7 of 8 people found the following review helpful
very hard to read May 9 2006
By Aaron Briggs - Published on
Format: Paperback
I agree with the publishers weekly review. I am usually not one to write reviews, but this book compelled me to, because of it's odd nature.

It starts off well, simialar to any "post-human" / "avant garde" sci-fi. Then it just goes on and on without being clear to with what is actually going on. I got about 2/3 of the way through this book before i actually had to put it down and say, this is "well written", but not good. Nothing is explained, i was still unclear about many details in the universe, and i could barely follow what was happening. Very dissapointed.
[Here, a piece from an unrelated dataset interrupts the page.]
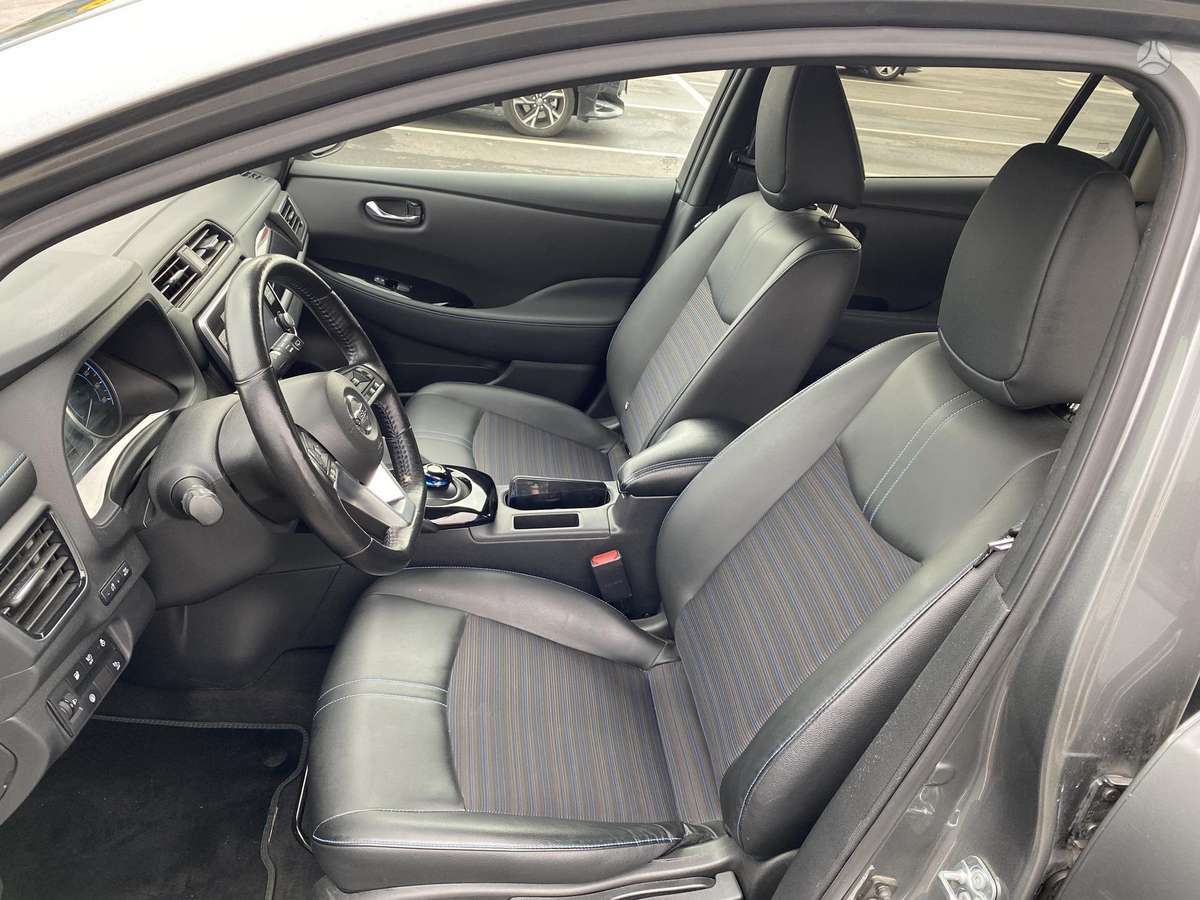 Nissan Leaf - 8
1 of 1 people found the following review helpful
A sequel to Natural History May 2 2009
By Clifton - Published on
Format: Paperback
I'm about 90 pages into the book and haven't run into any of the problems mentioned in the other reviews. The book is interesting, gripping even, but not confusing. Nor do the motivations of any of the characters seem mysterious to me.

But it has become clear to me that this book is a sequel to Natural History (a detail oddly missing from the description). It's not a sequel in the sense of a direct continuation of the earlier plot, but it is concerned with the consequences of the actions of the characters of the earlier novel. So I am putting it aside until I have a chance to look at Robson's previous book.
Flawed yet enjoyable March 6 2015
By Judit Székács - Published on
This is a tough book to review. I've certainly enjoyed reading it (or rather listening to it), but at the same time it felt flawed in major ways. The characters are likeable, I've really liked Robson's humour, the world she built was interesting (although she didn't spend too much time explaining the different entities, apparently you'd have to read Natural History for that - but there was nothing particularly obscure), the plot held together well for the first half of the book - but then it started to fall apart. Robson brought in a second storyline to explain the protagonist's past, which was full of new characters whom she didn't really bother to introduce, or at least it seemed difficult to me to remember who was who. I also couldn't really understand the point of this whole storyline, it didn't really tie in with the events of the book's present in my opinion. The ending also seemed muddled to me.
The audiobook is 16 hours long, and it took me a few weeks to finish (I don't have the time to listen very often), so that might also explain why I've had difficulties piecing it all together. In any case, I don't think it's the right medium for this book, I'm sure it helps if you can reread bits that seemed a bit hazy. Simon Brooks' performance is mostly enjoyable, although there were some words he pronounced funnily - I'm not a native speaker but even I know that 'meme' is not pronounced 'meemee'. There was a character named Valkyrie whose name I understood as 'Velcri' throughout the book, strictly two syllables, stress on the first - is that really how this word is pronounced?
In any case, I wouldn't talk anyone out of reading this novel. It's not perfect, but it has a lot to speak for it. However, I think it's a good idea to read a paper copy or an e-book instead of the audiobook.